- Task: Where the listing shows an image, skip it and output all other material unchanged.

==== Information shown

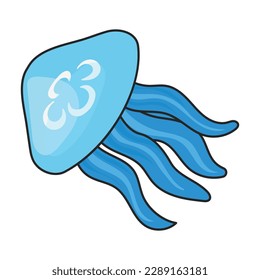 Jellyfish vector icon.Color vector icon isolated on white background jellyfish.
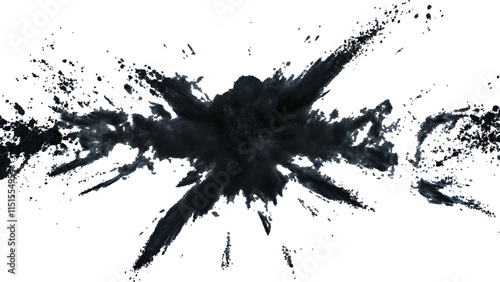 Black powder explosion with dark colors isolated white background. Abstract powder splatted on white background, 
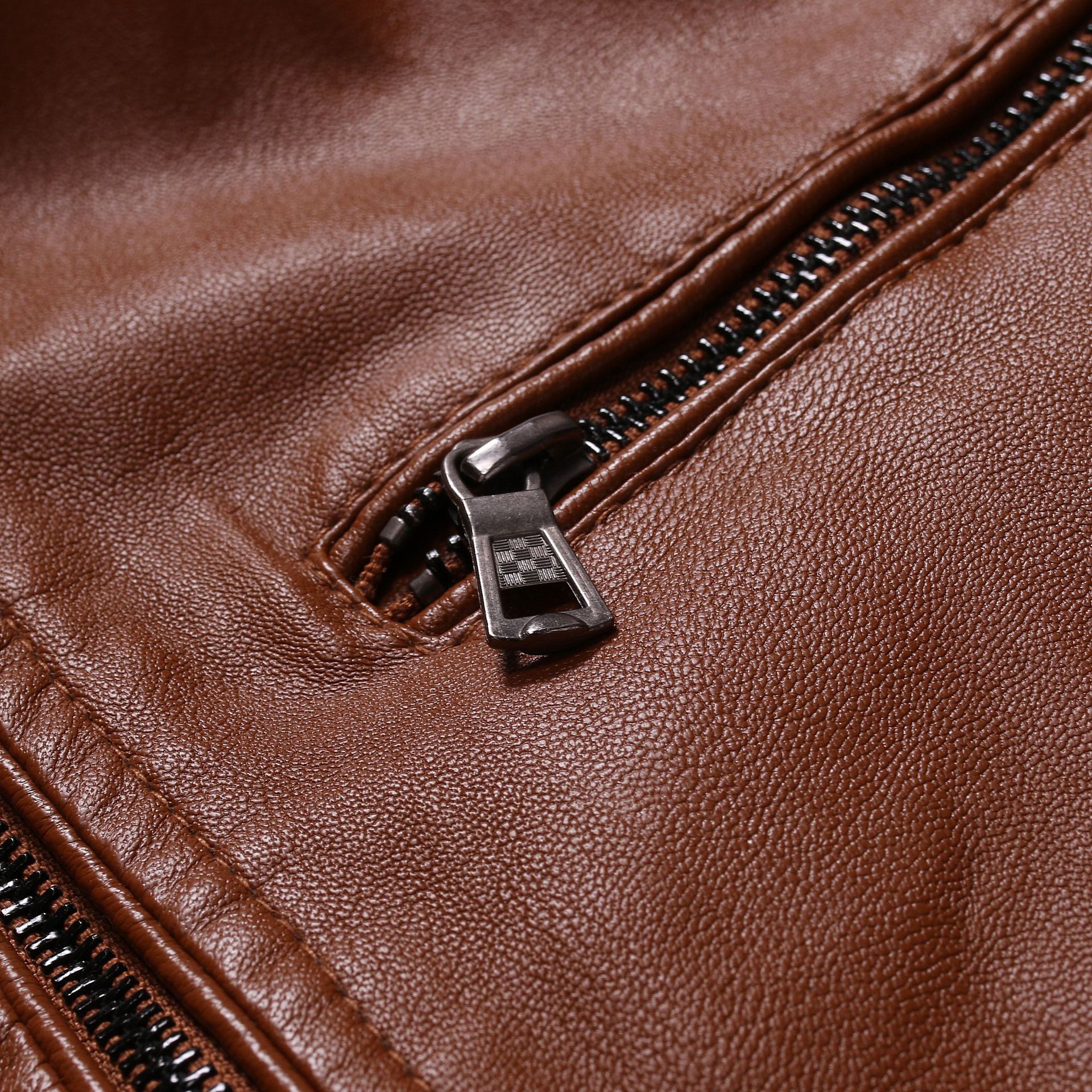AliExpress Amazon Spring and Autumn Thin Section Men's Stand Collar Striped Double Zipper Pu Leather Jacket Large Size Motorcycle Leather Jacket - Image 7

========

- Response to the exercise:
 Jellyfish vector icon.Color vector icon isolated on white background jellyfish.
 Black powder explosion with dark colors isolated white background. Abstract powder splatted on white background, 
AliExpress Amazon Spring and Autumn Thin Section Men's Stand Collar Striped Double Zipper Pu Leather Jacket Large Size Motorcycle Leather Jacket - Image 7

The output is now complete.